Judi Betts started volunteering at Mather in 1972. She started as an auxiliary volunteer and soon became vice president of Mather's volunteer auxiliary. Also in 1972, Judi joined the One Enchanted Evening planning committee. She's been a member ever since. Since becoming involved with Mather, she has been an active supporter of many fundraising activities that benefit the hospital. She has shared her expertise in public relations, sales and marketing in all of her volunteer efforts. For her, Mather has such a feeling of family and community. Recently, Mrs. Betts said, "I have had a love affair with Mather since 1972, and it will last forever." Her generosity of time and talent is an extraordinary gift to our larger community.

Dr. Nicholas Craig has been a part of the Mather Hospital family for almost twenty years. A Diplomat of the American Board of Surgery and a Fellow of the American College of Surgeons, Dr. Craig is a general surgeon specializing in advanced laparoscopic surgical procedures and the care of breast diseases. He has served Mather as chairman of the ER Committee and on the OR Committee; currently as the chairman of the Surgical Review Committee and a member of the Credentials and Hospital Quality Assurance Committee.

In addition to his highly respected surgical skills, Dr. Craig has served as medical director for "Team Zamora." He and twenty-seven staff from Mather went to Ecuador to provide medical care for people in that region, while he instructed local surgeons on laparoscopic procedures. In addition to that project, on an on-going basis, Dr. Craig has donated his time and his gift to countless people in our larger community, who have been in medical need. His volunteerism is an inspiration.

Gloria and Mark Snyder have been generous supporters of Mather Hospital since moving into Belle Terre in 1996. Gloria has been on the planning committee for One Enchanted Evening since 1997 and has co-chaired the silent auction committee since 1998. Mark has also been involved each year in assisting in the coordination of the evening's activities. Partners in business, Gloria and Mark are partners in their allegiance to Mather through their financial generosity.

In addition to their unwavering support of Mather Hospital, the Snyders provide extraordinary leadership and support in several community organizations, including the Gloria and Mark Snyder Hillel Center at Stony Brook University, Theater Three in Port Jefferson, the Stony Brook University Alumni Association and the Ward Melville Heritage Organization. As a husband and wife team and as parents, they are powerful role models, especially for all of the young people in our community. How fortunate we are to have such compassionate, caring, generous professionals in our midst.

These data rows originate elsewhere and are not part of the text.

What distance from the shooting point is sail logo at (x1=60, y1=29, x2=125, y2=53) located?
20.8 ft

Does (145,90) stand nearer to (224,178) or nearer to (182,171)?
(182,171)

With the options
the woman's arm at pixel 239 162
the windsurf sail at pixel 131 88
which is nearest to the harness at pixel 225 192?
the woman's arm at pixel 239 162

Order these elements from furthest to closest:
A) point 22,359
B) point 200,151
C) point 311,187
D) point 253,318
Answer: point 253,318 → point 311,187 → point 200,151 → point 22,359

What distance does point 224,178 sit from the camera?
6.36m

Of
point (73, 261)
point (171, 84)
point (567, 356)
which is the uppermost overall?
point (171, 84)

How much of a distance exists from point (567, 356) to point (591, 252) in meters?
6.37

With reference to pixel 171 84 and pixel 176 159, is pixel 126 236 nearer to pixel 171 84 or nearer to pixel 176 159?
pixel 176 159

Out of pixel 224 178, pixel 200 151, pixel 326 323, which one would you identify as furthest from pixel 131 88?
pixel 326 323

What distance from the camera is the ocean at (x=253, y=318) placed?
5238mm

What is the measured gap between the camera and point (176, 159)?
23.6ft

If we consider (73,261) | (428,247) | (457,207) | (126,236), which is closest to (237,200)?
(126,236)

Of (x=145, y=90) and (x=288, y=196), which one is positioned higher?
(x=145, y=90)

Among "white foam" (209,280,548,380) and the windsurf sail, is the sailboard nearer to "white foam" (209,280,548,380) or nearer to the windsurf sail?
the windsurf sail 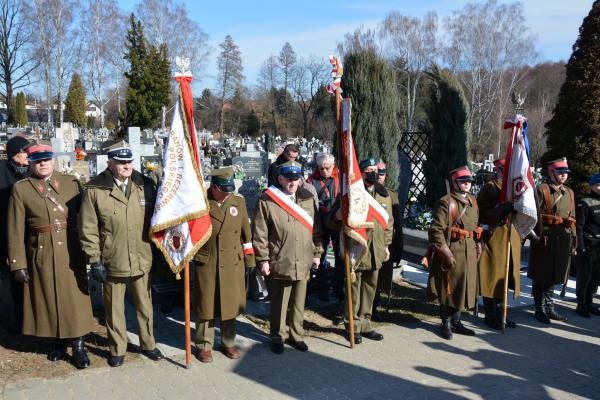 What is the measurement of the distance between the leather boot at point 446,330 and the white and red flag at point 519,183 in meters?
1.39

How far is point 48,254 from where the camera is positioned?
4469mm

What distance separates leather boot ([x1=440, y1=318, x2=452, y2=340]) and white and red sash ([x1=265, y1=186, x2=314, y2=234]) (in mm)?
2026

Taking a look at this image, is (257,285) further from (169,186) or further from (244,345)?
(169,186)

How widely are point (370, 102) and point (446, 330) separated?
472cm

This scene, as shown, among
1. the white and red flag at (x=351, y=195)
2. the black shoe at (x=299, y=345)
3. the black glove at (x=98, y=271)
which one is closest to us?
the black glove at (x=98, y=271)

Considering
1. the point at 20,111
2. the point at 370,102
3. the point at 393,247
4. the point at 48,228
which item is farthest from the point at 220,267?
the point at 20,111

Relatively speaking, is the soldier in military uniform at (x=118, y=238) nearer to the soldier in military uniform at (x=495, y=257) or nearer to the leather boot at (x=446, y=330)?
the leather boot at (x=446, y=330)

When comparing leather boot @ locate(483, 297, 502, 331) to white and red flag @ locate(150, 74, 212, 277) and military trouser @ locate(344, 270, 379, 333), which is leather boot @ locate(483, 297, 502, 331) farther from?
white and red flag @ locate(150, 74, 212, 277)

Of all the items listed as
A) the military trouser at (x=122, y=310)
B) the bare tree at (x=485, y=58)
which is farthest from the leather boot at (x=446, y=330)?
the bare tree at (x=485, y=58)

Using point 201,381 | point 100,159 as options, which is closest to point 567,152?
point 201,381

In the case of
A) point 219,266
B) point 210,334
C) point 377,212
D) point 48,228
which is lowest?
point 210,334

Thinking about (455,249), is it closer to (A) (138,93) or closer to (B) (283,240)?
(B) (283,240)

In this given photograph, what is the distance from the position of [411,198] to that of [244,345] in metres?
7.61

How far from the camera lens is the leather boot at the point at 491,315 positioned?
595cm
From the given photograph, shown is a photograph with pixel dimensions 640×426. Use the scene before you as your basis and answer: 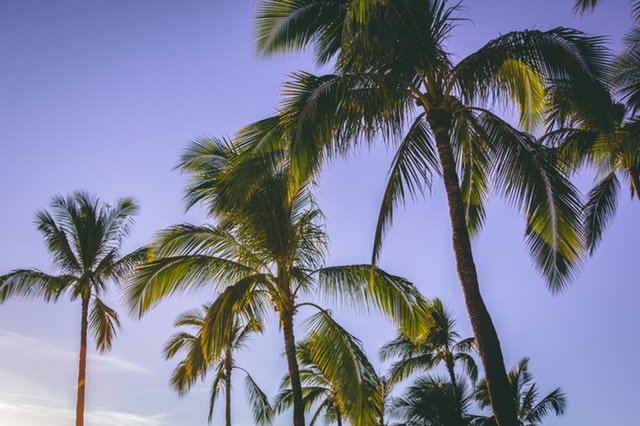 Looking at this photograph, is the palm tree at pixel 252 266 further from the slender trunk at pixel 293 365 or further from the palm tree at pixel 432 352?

They are a refreshing reminder of what volunteerism and concern for community is truly about. They exemplify, by the way in which they live their lives, what community is supposed to be about. We are fortunate to have them in our community and as a community, we are richer for having them in our midst.

Thank you to this year's Theodore Roosevelt Award recipients from Mather Hospital. Our community is a better place because of the power of your example!